Maja Nilsson

Personal information
- Nationality: Swedish
- Born: Maja Helena Nilsson 8 December 1999 (age 26)

Sport
- Sport: Track and Field
- Event: high jump

Medal record
Women's athletics
Representing Sweden
European U23 Championships
| Silver medal – second place | 2021 Tallinn | Hugh jump |
European U20 Championships
| Bronze medal – third place | 2017 Grosseto | High jump |
European U18 Championships
| Gold medal – first place | 2016 Tbilisi | High jump |

= Maja Nilsson =

Swedish high jumper

Maja Helena Nilsson (born 8 December 1999) is a Swedish athlete who specializes in the high jump. She competed at the 2020 Olympic Games and 2022 World Athletics Championships.

==Career==
Nilsson gained her first international experience at the European Youth Olympic Festival (EYOF) 2015 in Tbilisi where she won the silver medal in the high jump with a jump of 1.80 metres. The following year, again in Tbilisi, she won the 2016 European Youth Athletics Championships high jump with a 1.82 metres jump. She was a bronze medalist at the 2017 European Athletics U20 Championships in Grosseto, Italy with a jump of 1.85 metres.
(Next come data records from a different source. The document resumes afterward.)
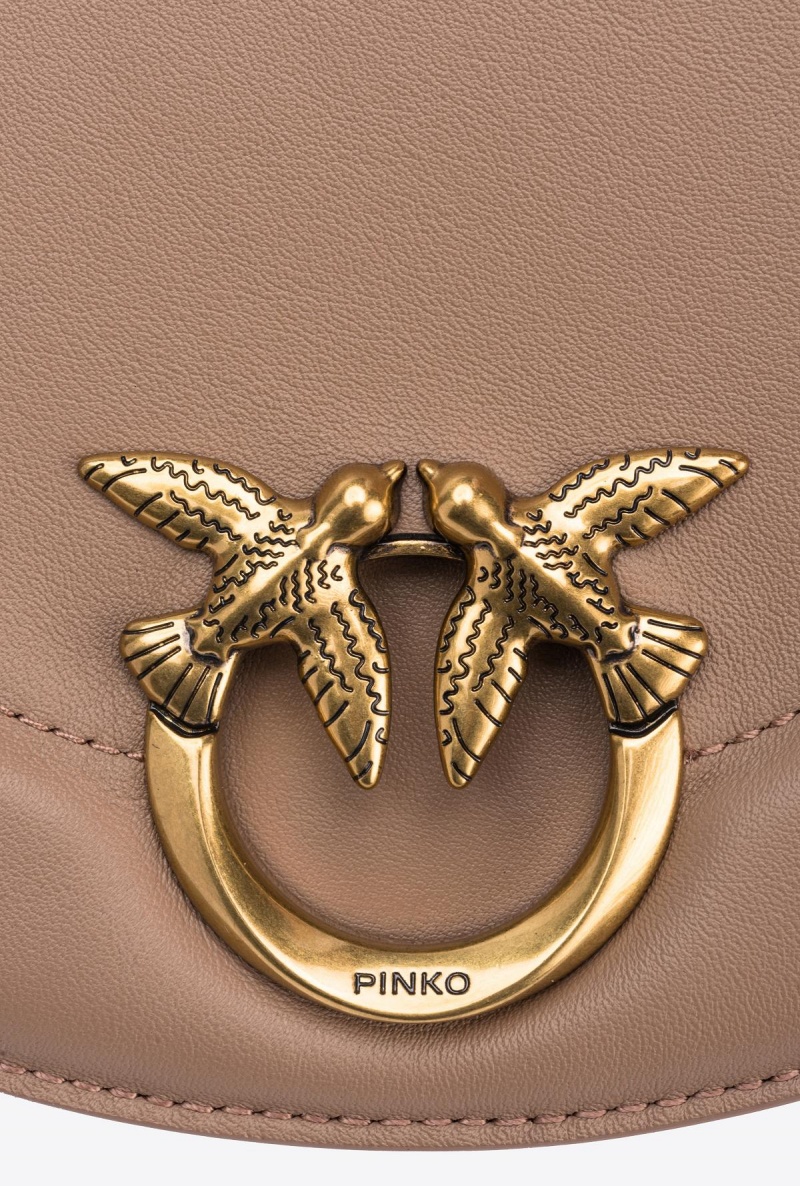 GINGER BISCUIT-ANTIQUE GOLD Pinko Mini Love Bag Click Round in leather | YMYGT74235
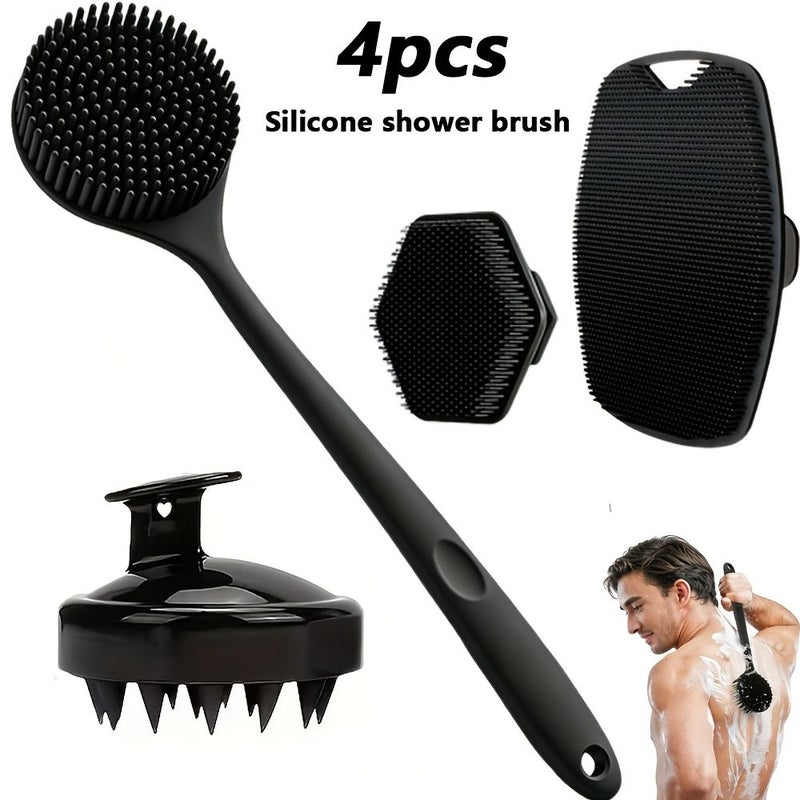 Black Silicone 4 Pc Shower Brush Set For Body Face Scalp Massage Deep Cleansing Exfoliation Non Slip Grip - Image 1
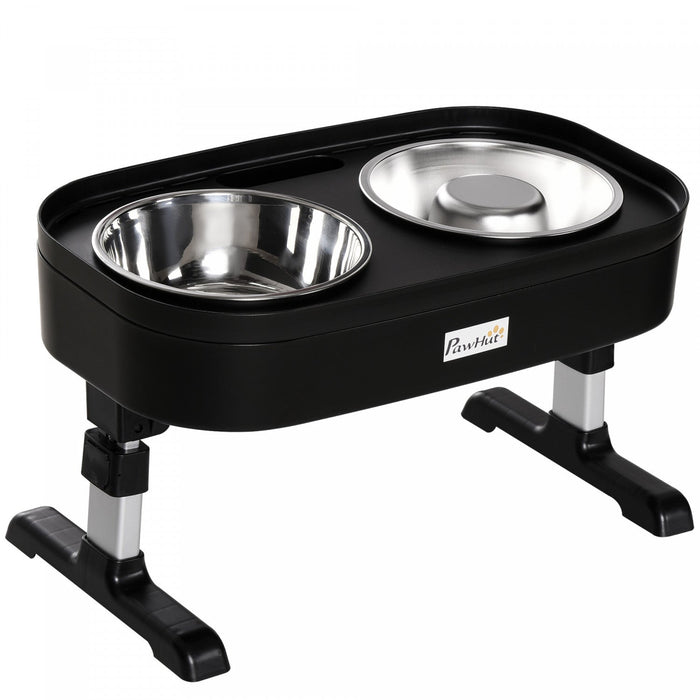 Pawhut Pet Feeder, 4 Adjustable Heights Elevated Dog Bowls With Slower Feeder, Stainless Steel Food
She also competed at the 2018 U20 World Championships in Tampere, and at the 2019 European Athletics U23 Championships in Gävle.
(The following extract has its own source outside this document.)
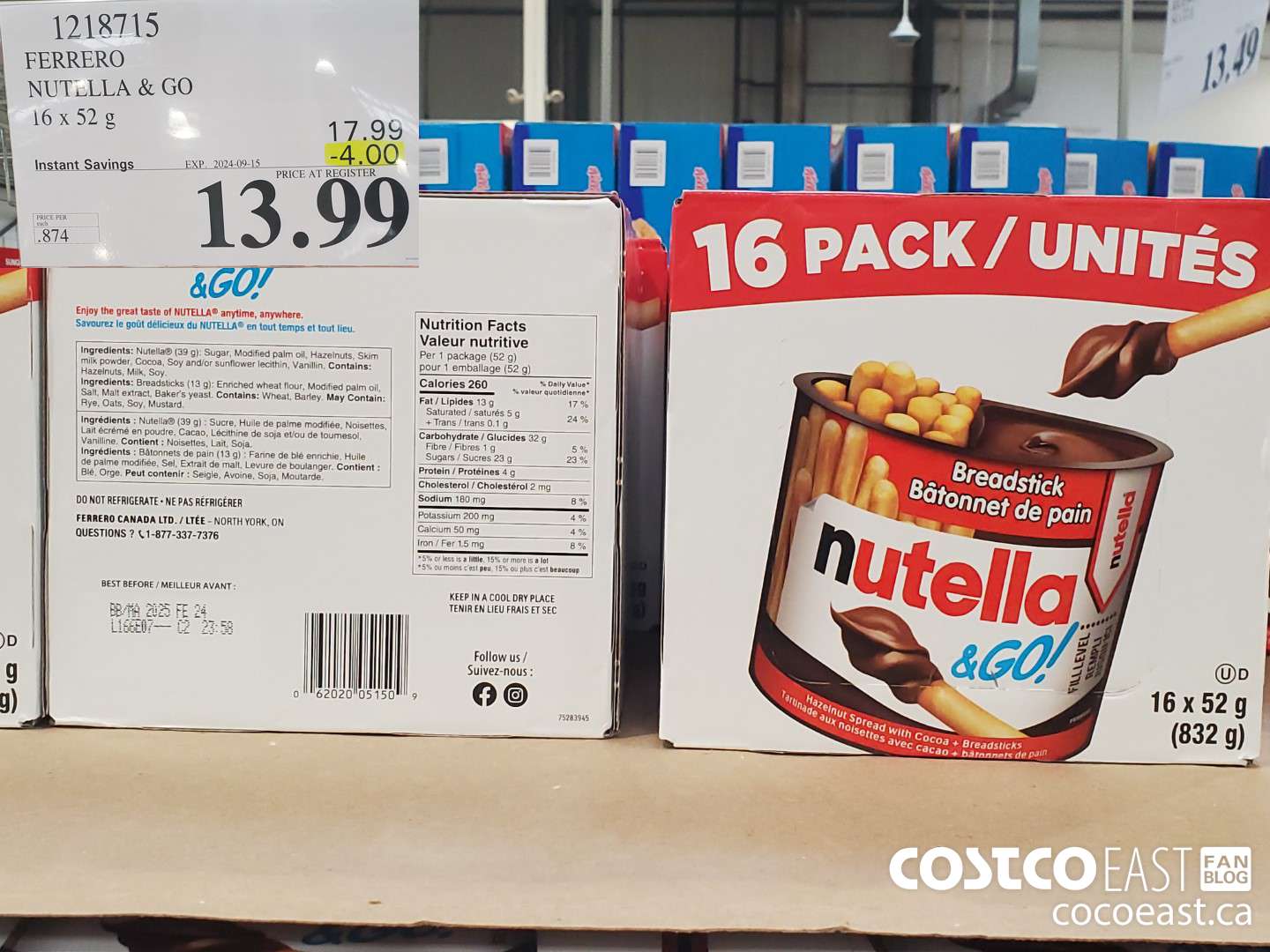 1218715 FERRERO NUTELLA & GO 16 x 52g  ($4.00 INSTANT SAVINGS EXPIRES ON 2024-09-15) $13.99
In 2021 Nilsson became Swedish high jump indoor champion, and on 30 June 2021 she jumped 1.96 metres to meet the Olympic qualifying standard for the delayed 2020 Olympic Games. Competing at the Games, in Tokyo in 2021, Nilsson successfully reached the final where she finished in thirteenth place. She competed at the 2021 European Athletics Indoor Championships in Toruń, Poland in March 2021, where she jumped 1.87 metres but did not progress to the final. She won silver at the 2021 European Athletics U23 Championships in Tallinn.

She competed at the 2022 World Athletics Championships in Eugene, Oregon, where she cleared 1.90 metres without progressing to the final. She competed at the 2022 European Athletics Championships in Munich, Germany, clearing 1.83 metres but did not qualify for the final.

At the 2024 European Athletics Championships in Rome, Italy, she reached the final with a jump of 1.89 metres, placing twelfth overall.